The end game for nearly every visitor visiting Babi Yar is total annihilation, without the actual experience of dying.
Khrzhanovsky survived many of the controversies he started at the project. The persistent question during the post-Holocaust Era should not be on Khrzhanovsky, but on the how to appropriately memorialize the Holocaust.
Holocaust Memorials have always been controversial. What is the purpose? What message are they trying to convey? Elie Wiesel, before eventually chairing the building of the United States Holocaust Memorial Museum, said it magnificently in the sixties, “How does one convey the incomprehensible? Where does one begin? How can one get it right? Who would ever believe it?” Mr. Wiesel was against the construction of museums dedicated to the Holocaust during his early days. It was not until he realized that as we were entering the 21st century, that the Holocaust may be forgotten and considered past history, or at best, a footnote in history that he reconsidered his initial thinking.
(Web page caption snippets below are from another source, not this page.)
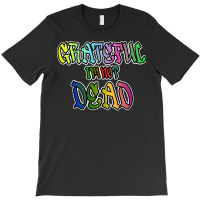 Grateful I'm Not Dead T-shirt | Artistshot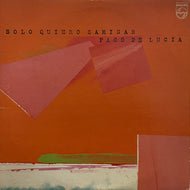 PACO DE LUCIA / Solo Quiero Caminar ( Philips – 28PP-7, LP)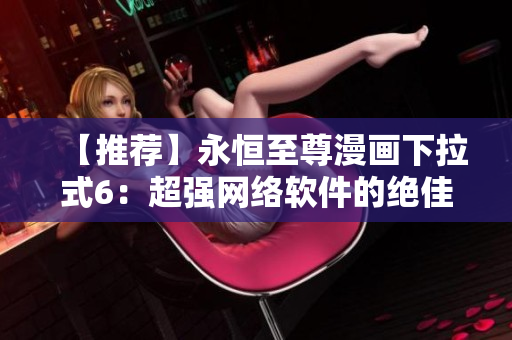 【推荐】永恒至尊漫画下拉式6：超强网络软件的绝佳选择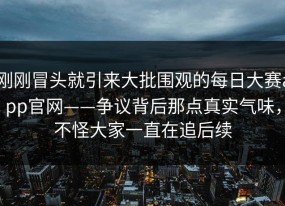 刚刚冒头就引来大批围观的每日大赛app官网——争议背后那点真实气味，不怪大家一直在追后续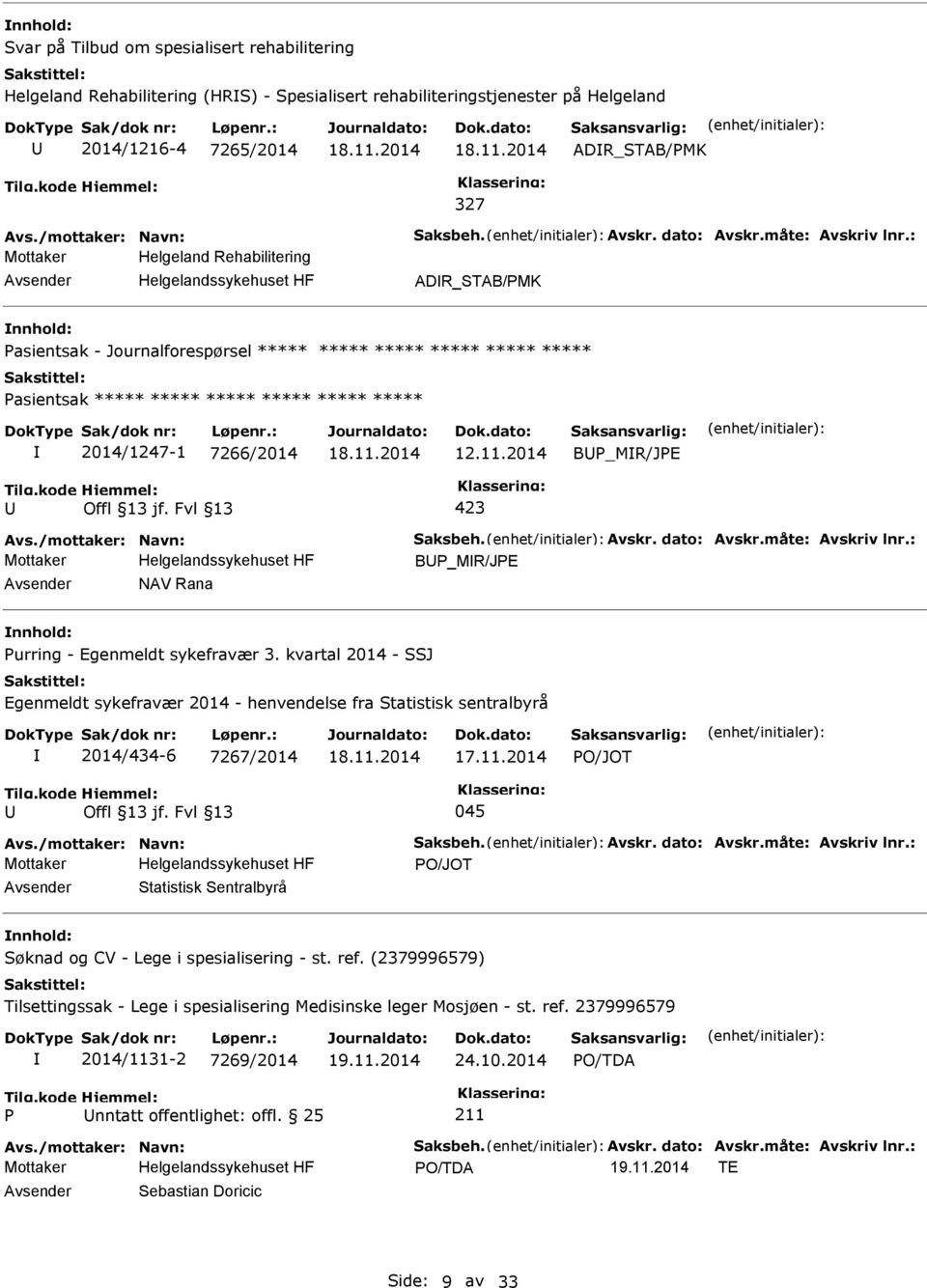 : Mottaker Helgeland Rehabilitering Helgelandssykehuset HF ADR_STAB/MK nnhold: asientsak - Journalforespørsel ***** ***** ***** ***** ***** ***** asientsak ***** ***** ***** ***** ***** *****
Thus, museums and memorials, large and small, reflect the values of the country, the community, as well as the time they were built. Compare the USHMM to Yad Vashem, to the Museum of Jewish Heritage to the Polin Museum of the History of Polish Jews. They each have their own subtle and not so subtle differences. They get the facts and dates right, but they are sending the patron a different message, their own world and in many cases, political view.
The question is whether Khrzhanovsky’ s view of the Babi Yar Project is truly outlandish. If you look from the prospective of Holocaust educators, or from the USHMM or Yad Vashem, absolutely yes!
However, look at it through the prism of this nascent century, the 21st century, one can reach a different conclusion.
The world today is quite different from the last century. Authoritarian regimes are rising, while democracy is dying. The planet is warming and headed towards a doomsday trajectory endangering humanity. Unknown pandemics are surfing up. Human life is again of no value. The endgame is the death of humanity, as the endgame of the Babi Yar project is also total death with a handful of survivors. Thus, the Babi Yar project is not a memorial to the victims, but a reflection of these times.
Who best to head this project but a megalomaniacal, controversial figure whose formative years took place in a totalitarian society. Outrageous yes. Wrong, absolutely. However, Mr. Khrzhanovsky’s contemporaneous vision is a sign of the times. He is not creating a Disneylandish place “where dreams come true,” but a dark, nihilistic, dystopian park where nightmares will persist, and dreams die as do you.